Docker compose for local dependencies
When we run our application like this, we're still running the main app on our host machine, but it connects to a set of Docker images for the dependencies. Docker-compose is a great tool for multi-container setups. If we wanted to just run one image, it's too bad with regular Docker, but docker-compose makes it dirt simple to do so.

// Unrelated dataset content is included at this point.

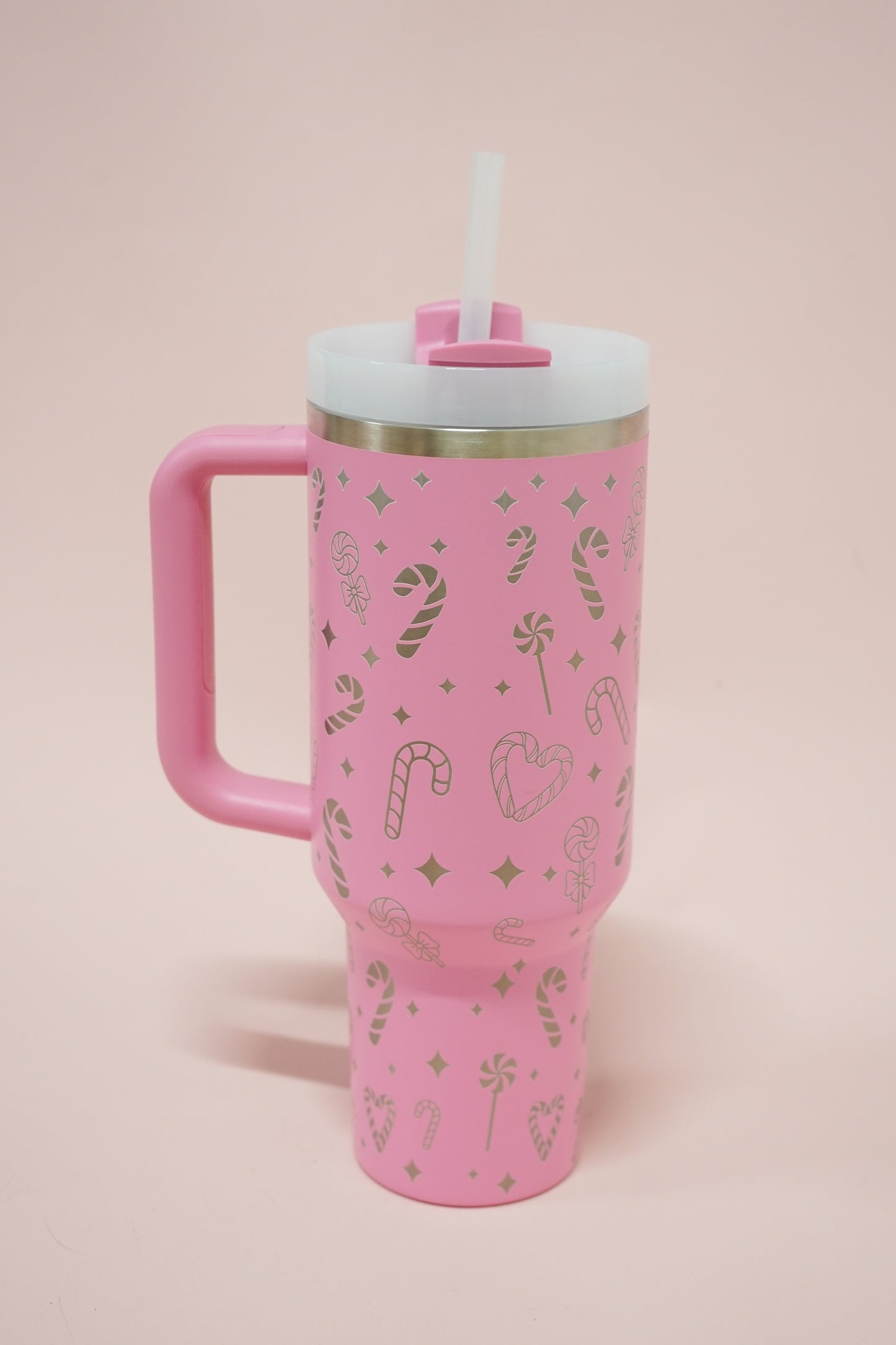 Candy Cane 40 oz Wrap Tumbler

For example, in my Respawn project, I support a number of different databases, and I don't really want to install them all. Instead, I have a simple
version: '3' services: postgres-db: image: postgres restart: always environment: POSTGRES_USER: docker POSTGRES_PASSWORD: Password12! ports: - 8081:5432 mysql-db: image: mysql restart: always environment: MYSQL_ROOT_PASSWORD: testytest ports: - 8082:3306 oracle: image: sath89/oracle-12c restart: always ports: - 8080:8080 - 1521:1521 adminer: image: adminer restart: always ports: - 8083:8083
I pull in Postgres, MySQL, and Oracle (as well as a simple Admin UI), and expose these services externally via some well-known ports. When I run my build, I start these services:
docker-compose up -d
Now when my build runs, the tests connect to these services through the configured ports.
So this is a big win for us - we don't have to install any 3rd-party services on our dev machines. Instead, we pull down (or build our own) Docker images and run those.
What about normal scenarios?
The above works great for "exotic" dependencies outside our normal toolbelt, like databases, queues, and services. But most systems we build are just on top of SQL Server, which most everyone has installed already. If not SQL Express, then SQL Local DB.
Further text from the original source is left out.